Confieso que la Navidad es uno de mis momentos favoritos en el año desde bien pequeña. Mucha gente dice que la Navidad es para los niños, pero ¿por qué no lo es también para los mayores? A medida que vamos creciendo, se va perdiendo la ilusión por celebrar el gran acontecimiento de la Encarnación del Hijo de Dios Dios. ¡Dios se enamora del hombre y decide convertirse en uno más entre nosotros! ¿No debiéramos estar saltando de alegría?


Por algo nos dijo Jesucristo: “Si no os hacéis como niños no entraréis en el Reino de los Cielos”


Quizá una de las principales causas del desencanto por estas fechas está en cómo hemos ido complicando las cosas. Vamos corriendo de acá para allá comprando, comprando y comprando: comidas, bebidas, regalos, regalos y… más regalos. Al final no disfrutamos de lo esencial porque estamos estresados y agobiados.

Otro de los motivos es sentir como una carga el hecho de tener que festejar las celebraciones navideñas en familia. Escucho a demasiadas personas quejarse de tener que juntarse con la familia. Parece que estamos obligados a olvidar los desencuentros que hemos tenido durante el año y eso no nos agrada, porque requiere muchas dosis de humildad y de perdón.

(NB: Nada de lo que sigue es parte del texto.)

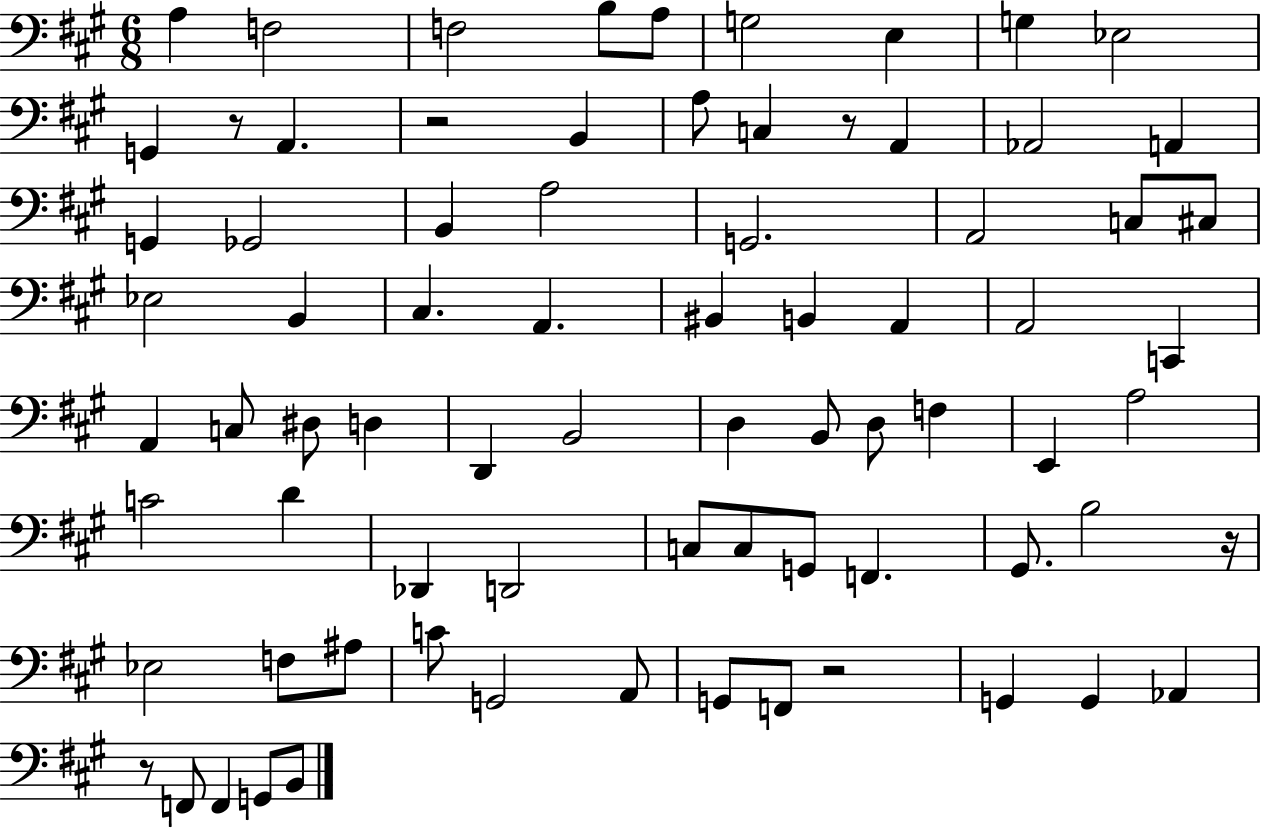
{
  \clef bass
  \numericTimeSignature
  \time 6/8
  \key a \major
  a4 f2 | f2 b8 a8 | g2 e4 | g4 ees2 | \break g,4 r8 a,4. | r2 b,4 | a8 c4 r8 a,4 | aes,2 a,4 | \break g,4 ges,2 | b,4 a2 | g,2. | a,2 c8 cis8 | \break ees2 b,4 | cis4. a,4. | bis,4 b,4 a,4 | a,2 c,4 | \break a,4 c8 dis8 d4 | d,4 b,2 | d4 b,8 d8 f4 | e,4 a2 | \break c'2 d'4 | des,4 d,2 | c8 c8 g,8 f,4. | gis,8. b2 r16 | \break ees2 f8 ais8 | c'8 g,2 a,8 | g,8 f,8 r2 | g,4 g,4 aes,4 | \break r8 f,8 f,4 g,8 b,8 | \bar "|."
}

Estamos asistiendo a una época en la que la familia está siendo menospreciada, sobre todo aquella que ahora se ha pasado a llamar “familia tradicional”. Parece que la familia es el origen de demasiadas obligaciones, de demasiadas limitaciones, de demasiadas renuncias, la familia pone a prueba nuestra paciencia y nuestra resistencia.


Sin embargo ¿qué sería de cada uno de nosotros sin la familia? Nuestras familias han marcado y siguen marcando nuestra historia personal. Son el lugar de acogida por excelencia. La familia es el mayor tesoro que tenemos. Si comprendiéramos su verdadero valor el encuentro de estos días lo festejaríamos con entusiasmo y no supondría una carga sino un regalo.

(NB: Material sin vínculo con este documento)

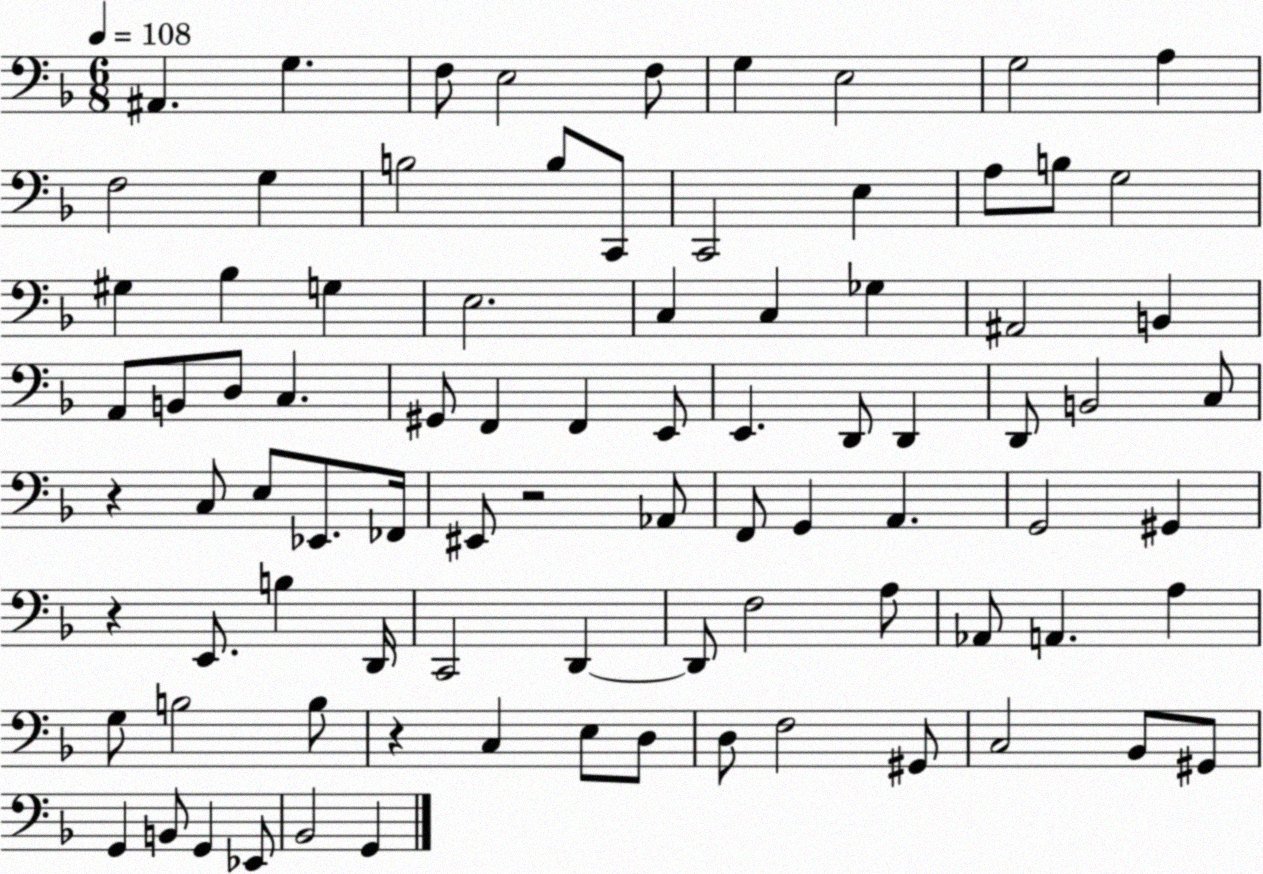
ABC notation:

X:1
T:Untitled
M:6/8
L:1/4
K:F
^A,, G, F,/2 E,2 F,/2 G, E,2 G,2 A, F,2 G, B,2 B,/2 C,,/2 C,,2 E, A,/2 B,/2 G,2 ^G, _B, G, E,2 C, C, _G, ^A,,2 B,, A,,/2 B,,/2 D,/2 C, ^G,,/2 F,, F,, E,,/2 E,, D,,/2 D,, D,,/2 B,,2 C,/2 z C,/2 E,/2 _E,,/2 _F,,/4 ^E,,/2 z2 _A,,/2 F,,/2 G,, A,, G,,2 ^G,, z E,,/2 B, D,,/4 C,,2 D,, D,,/2 F,2 A,/2 _A,,/2 A,, A, G,/2 B,2 B,/2 z C, E,/2 D,/2 D,/2 F,2 ^G,,/2 C,2 _B,,/2 ^G,,/2 G,, B,,/2 G,, _E,,/2 _B,,2 G,,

Es en la familia donde somos amados por el simple hecho de ser, sin más. Es el lugar en el que podemos ser más auténticos, donde no necesitamos disimular ni ocultar nuestros defectos porque es donde se nos quiere sin condiciones. La familia es el sitio en el que podemos aprender a vivir en comunidad, respetándonos, aceptándonos, perdonándonos.

Por eso debemos disfrutar del encuentro. Gracias a la Navidad, al menos, una vez al año muchas familias se unen en torno a la mesa. Y eso hay que vivirlo con alegría, la entrega de regalos debe ser una muestra de nuestro cariño e interés por el otro.


Las ausencias de los seres queridos que han fallecido es otro de los motivos por los que desaparece la ilusión por la Navidad. Parece que en estos días se hace más dura su pérdida. ¡Cuántas veces nos quejamos de cosas sin importancia de los miembros de la familia y nos olvidamos de valorar su presencia entre nosotros!

Hace poco me encontré con una amiga que me contó la triste pérdida que habían sufrido en su familia, unos días antes. El padre de su marido había sido arroyado por un autobús urbano. Las pasadas navidades las pudieron vivir juntos, éstas ya no.


El día de Navidad un sacerdote hizo una hermosa reflexión: Hoy más que nunca debemos estar alegres porque gracias a la Navidad, al nacimiento del Hijo de Dios que vino a salvarnos del pecado y de la muerte, sabemos que algún día podremos volver a encontrarnos con aquellos que ya han partido al Padre.